No More Exclusion: UN Rapporteur on Disability

In

Ha Noi 9 September 2002 - More collective efforts are needed to improve the lives of people with disabilities through their rehabilitation, education, employment and integration into economic and social life.

This is the key message of Mr. Bengt Lindqvist, the visiting UN Special Rapporteur on Disability - a former Minister in the Swedish Government, who is himself blind. Mr. Bengt Lindqvist began today his 4 day visit to Viet Nam to promote the implementation of the UN Standard Rules on Equalization of Opportunities for Persons with Disabilities.

5 million people with disabilities, who make up 7% of the Viet Nam's population face a daily battle for their basic rights. Among those of working age, most lack practical skills and only 30% can earn an income, according to the Ministry of Labour, Invalids and Social Affairs (MOLISA).

Mr Lindqvist says that the UN Standard Rules on Equalization of Opportunities, adopted in December 1993, establish clear guidance to governments on how best to end discrimination and integrate disabled people into mainstream employment, education and leisure activities. Many governments surveyed by his Office indicate that the Rules have led to rethinking of disability policies.
"It's encouraging to see that in Viet Nam, law-makers are beginning to accept that disability is first and foremost an issue of human rights," says UN Resident Coordinator Jordan Ryan.
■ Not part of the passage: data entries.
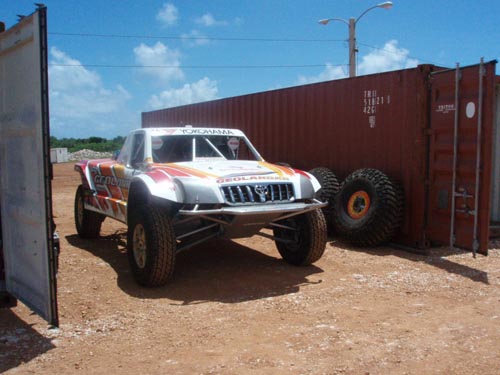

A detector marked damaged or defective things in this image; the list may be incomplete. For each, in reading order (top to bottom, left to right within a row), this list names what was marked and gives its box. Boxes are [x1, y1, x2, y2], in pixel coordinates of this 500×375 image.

rusty shipping container [143, 61, 498, 256]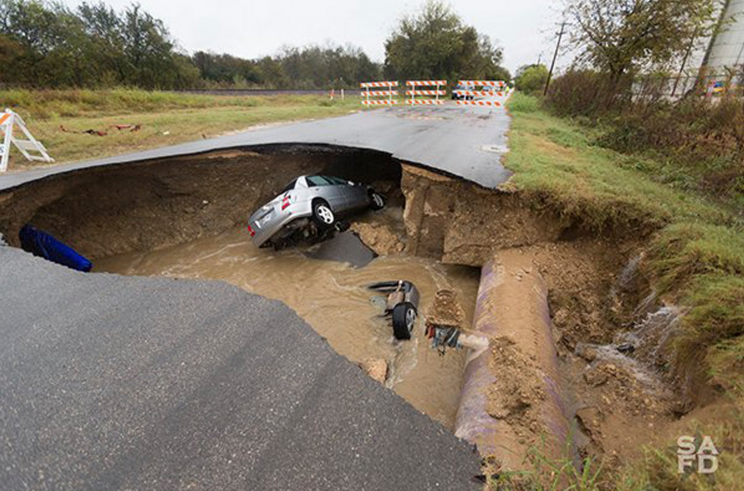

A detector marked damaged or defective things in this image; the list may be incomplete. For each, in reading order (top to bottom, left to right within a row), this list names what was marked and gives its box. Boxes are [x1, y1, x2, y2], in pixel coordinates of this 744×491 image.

detached car wheel [312, 201, 336, 230]
detached car wheel [370, 191, 386, 210]
flood damage [0, 144, 696, 478]
detached car wheel [392, 302, 416, 340]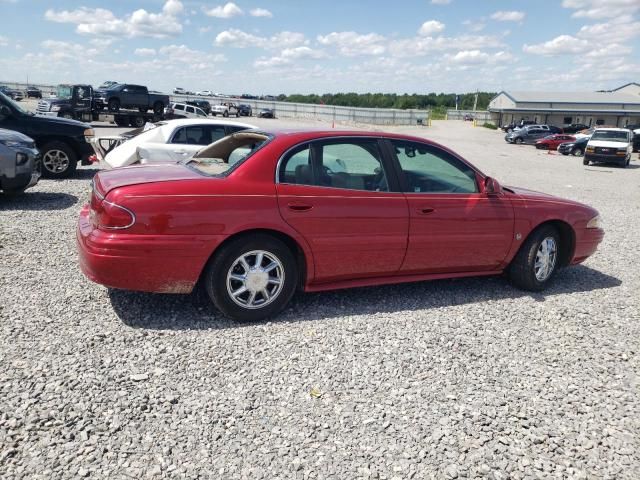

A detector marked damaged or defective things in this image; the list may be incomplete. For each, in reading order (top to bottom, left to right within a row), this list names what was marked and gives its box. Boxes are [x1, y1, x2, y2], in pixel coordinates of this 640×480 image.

He added: "These basic rights include the right of a disabled child to attend school, the right of a disabled mother to enjoy quality health care, the right of a disabled person to get vocational training or a job, or the right of all persons with disabilities to move freely on the streets and have access to buildings."
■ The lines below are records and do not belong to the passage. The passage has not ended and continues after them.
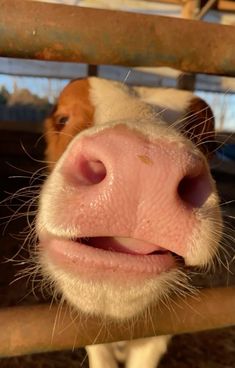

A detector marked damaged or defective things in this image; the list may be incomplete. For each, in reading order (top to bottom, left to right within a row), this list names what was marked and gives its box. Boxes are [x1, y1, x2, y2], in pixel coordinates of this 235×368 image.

rusty metal bar [0, 0, 234, 75]
rusty metal bar [1, 286, 235, 358]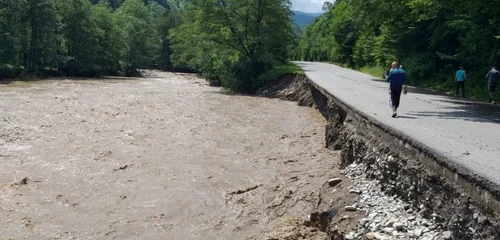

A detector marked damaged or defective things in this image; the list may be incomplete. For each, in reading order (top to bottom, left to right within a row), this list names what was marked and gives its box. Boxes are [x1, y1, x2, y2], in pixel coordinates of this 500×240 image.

damaged infrastructure [260, 74, 500, 239]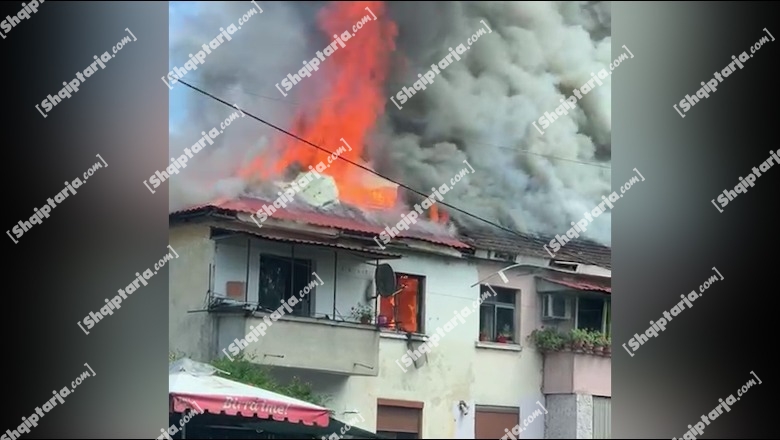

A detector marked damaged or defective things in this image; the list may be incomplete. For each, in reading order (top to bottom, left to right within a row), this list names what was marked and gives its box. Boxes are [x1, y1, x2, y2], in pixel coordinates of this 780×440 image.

damaged structure [168, 187, 612, 438]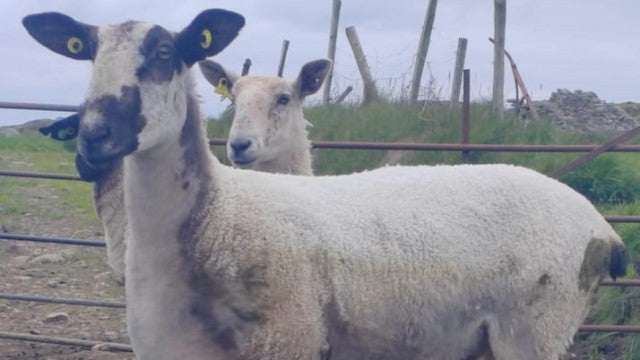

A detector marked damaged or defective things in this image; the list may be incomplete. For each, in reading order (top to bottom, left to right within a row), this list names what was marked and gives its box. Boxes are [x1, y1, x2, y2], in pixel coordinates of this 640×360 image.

The United Nations is actively working to ensure that persons with disabilities can exercise their civil, political, social and cultural rights on an equal basis with non-disabled persons.

A recent MOLISA's workshop recommended the need to help the disabled become economically self-sufficient – not just through work programmes, but by changing public perceptions that often prevent them from fully integrating into society.

The National Coordinating Council on Disability of Viet Nam (NCCD) has discussed a plan to establish an association of PWDs' enterprises. This association will provide opportunities for its members to discuss their issues and concerns regarding employment, business and services.
During his visit to Viet Nam, the UN Special Rapporteur will attend a Seminar organized by MOLISA on Standard Rules on Equalization of Opportunities for Persons with Disabilities. He will also meet with representatives of Ministries of Foreign Affairs, Education and Training, and the Office of the National Co-ordinating Council on Disability as well as UN agencies, donors and civil societies.

Mr. Lindqvist will be joined in Ha Noi by a delegation of representatives from two Swedish Associations working on disability issues. They are the Swedish Association of Visually Impaired Halland and Swedish Organisation of Disabled Persons International Aid.